Tuesday 21 April 2020

Citizen Kane Analysis

Citizen Kane (1941)

Directed, Co-Written, Produced and Starring: Orson Welles

A film made in 1941, is often considered to be the greatest film ever made. But, how can a film made in 1941 still be relevant and how can it tell an interesting story? Guess what, it does. I haven't seen a film like this before, this film created a similar effect on me as 12 Angry Men did. I think this film should be one of the first films to do a character based movie telling a tale of corruption and Taxi Driver, Wolf of Wall Street, Joker are loosely based on this theme. 

The film is about Charles Foster Kane, a newspaper tycoon and the film opens with his death and some of his important life events are told in flashbacks through different characters in his life. There is a brilliant montage sequence with his first wife, I couldn't believe I was seeing that kind of a sequence in a 1940s film. Character study films are usually based on non-conformist, eccentric characters who stand out from the crowd and so is Charles Foster Kane. He says, 'There is only one person in this world to decide what I'll do.

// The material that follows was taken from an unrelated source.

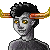HileyCaine :iconhileycaine:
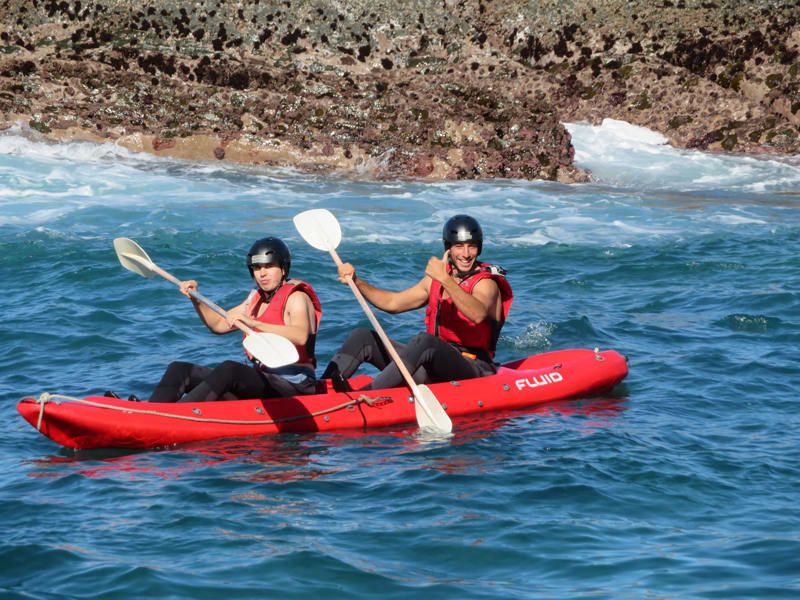 120476_Kayaking.jpg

And that's me.' This line explains the arc of this character and the choices he'll make. I could see some similarities in the characters and the arcs of Charles Foster Kane and Mahanati, both powerful people and both succumb to their own actions, choices they make out of integrity. These films give an unusual moral message that, to be in this world you can't be purists and that you need to be manipulative.

This film is known for using the 'deep focus' technique where everyone in the foreground and the background are in focus, this technique is useful to take long shots with ensemble casting. You can capture the scene like a play to have the drama play in real time, unless if you have a multi cam setup which I doubt if they had back then. I could see this technique being used in Satyajit Ray's last films where there were dramas set in homes and I'm sure many other films even till date use this technique, especially filmmakers who do long takes. There's an essay in Andre Bazin's 'What is Cinema? - Vol 1' on the merits and demerits of montage. It talks about how by using montage we can't capture the objective reality of the scene, as he explains in the difference between a photograph and a painting in his other essay.

Orson Welles was 25 when this film was released and he was considered an autuer for this film. Years later, Pauline Kael, a film critic wrote a 50,000 word book length essay about how this film uses the unique talents of the screenwriter and the cinematographer and she bashes the Auteur theory.